Faith and Family in 'More Than Conquerers'

by Emma Cueto

From the very title of Megan Hustad's new memoir, More Than Conquerors: A Memoir of Lost Arguments, you know you're dealing with an author who both has a sly sense of humor and understands nuance. And throughout Hustad's memoir about growing up with missionary parents, both of those skills are on full display. It's a story about family and about faith – both found and lost – about culture wars and about identity. And it's a story lovingly told.

Megan Hustad was only three when her parents moved the family to the island of Bonaire so they could work for Trans World Radio, an evangelical organization that broadcast radio programs from this little outpost in the Caribbean across the Western Hemisphere. The family adapts to Bonaire, and later to Holland, but the experience of being a missionary family changes all of them, permanently. They find themselves out of step with both fellow missionaries and the people of Bonaire and Holland. And later, after their return to the States, they realize they have grown out of step even with each other.

Hustad has a gift here for showing her various family members honestly but lovingly in each interaction, at each stage in the family's saga. She neither shies away from or excuses her father's late-in-life strict conservative views. She doesn't condone or condemn her own and her sister's rebellions against religion. And so what emerges is a careful and nuanced view of a family whose cracks happen to run along larger political and social lines.

Hustad's memoir is about her family, but Christianity is also inextricable from her family, and though she herself is no longer Christian, her view of the religion is rich and nuanced. Hustad takes issue with both the righteousness and hypocrisy displayed by many of the missionaries she knew in her youth and also the righteous ignorance from many people raised in secular homes with no familiarity with Christianity beyond sound bites on television. Hustad infuses her narrative with another side of Christianity, one where people think deeply about their faith and feel it sincerely. It is her understanding of Christianity in these terms that puts Hustad on the outside of secular culture.

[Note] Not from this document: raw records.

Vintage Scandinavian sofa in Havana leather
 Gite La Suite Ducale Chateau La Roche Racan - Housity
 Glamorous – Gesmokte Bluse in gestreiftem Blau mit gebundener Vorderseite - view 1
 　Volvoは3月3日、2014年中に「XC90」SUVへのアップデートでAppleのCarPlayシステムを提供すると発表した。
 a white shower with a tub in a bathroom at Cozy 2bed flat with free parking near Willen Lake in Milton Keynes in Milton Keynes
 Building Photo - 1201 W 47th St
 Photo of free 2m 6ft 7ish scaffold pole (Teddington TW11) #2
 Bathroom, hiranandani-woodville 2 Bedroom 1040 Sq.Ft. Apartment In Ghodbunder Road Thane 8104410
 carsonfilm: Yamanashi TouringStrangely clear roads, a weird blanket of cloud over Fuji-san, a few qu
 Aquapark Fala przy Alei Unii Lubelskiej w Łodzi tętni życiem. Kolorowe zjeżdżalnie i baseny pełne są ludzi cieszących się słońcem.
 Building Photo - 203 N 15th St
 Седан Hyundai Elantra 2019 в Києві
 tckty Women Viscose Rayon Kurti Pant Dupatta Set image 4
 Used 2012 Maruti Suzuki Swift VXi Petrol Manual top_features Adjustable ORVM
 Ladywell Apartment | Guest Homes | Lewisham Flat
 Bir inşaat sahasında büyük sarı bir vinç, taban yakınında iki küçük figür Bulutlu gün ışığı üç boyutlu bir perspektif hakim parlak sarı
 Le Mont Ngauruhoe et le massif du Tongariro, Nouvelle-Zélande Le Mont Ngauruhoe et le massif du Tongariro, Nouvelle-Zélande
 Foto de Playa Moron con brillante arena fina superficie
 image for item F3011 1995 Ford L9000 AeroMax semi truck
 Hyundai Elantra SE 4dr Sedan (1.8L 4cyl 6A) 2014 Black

Yet despite her differences with her parents, despite no longer being religious herself, she maintains a relationship with her family. The Hustads always love each other, long after they have stopped agreeing with each other. They have to search for safe topics of conversation, to bite their tongue when talk veers into dangerous territory, and to forgive each other their differences. But the point is that they do. Hustad is right to call this a "memoir of lost arguments," even though people in the book rarely argue. The members of the family have been arguing with themselves and each other and the culture at large about how to be, and in the end they all go their own way regardless.

Megan Hustad has written a powerhouse of a memoir, one that should be read by anyone interested in the ways faith, family, and culture connect and clash. It's a heartfelt and deeply nuanced book that provides an engrossing family saga and plenty of food for thought.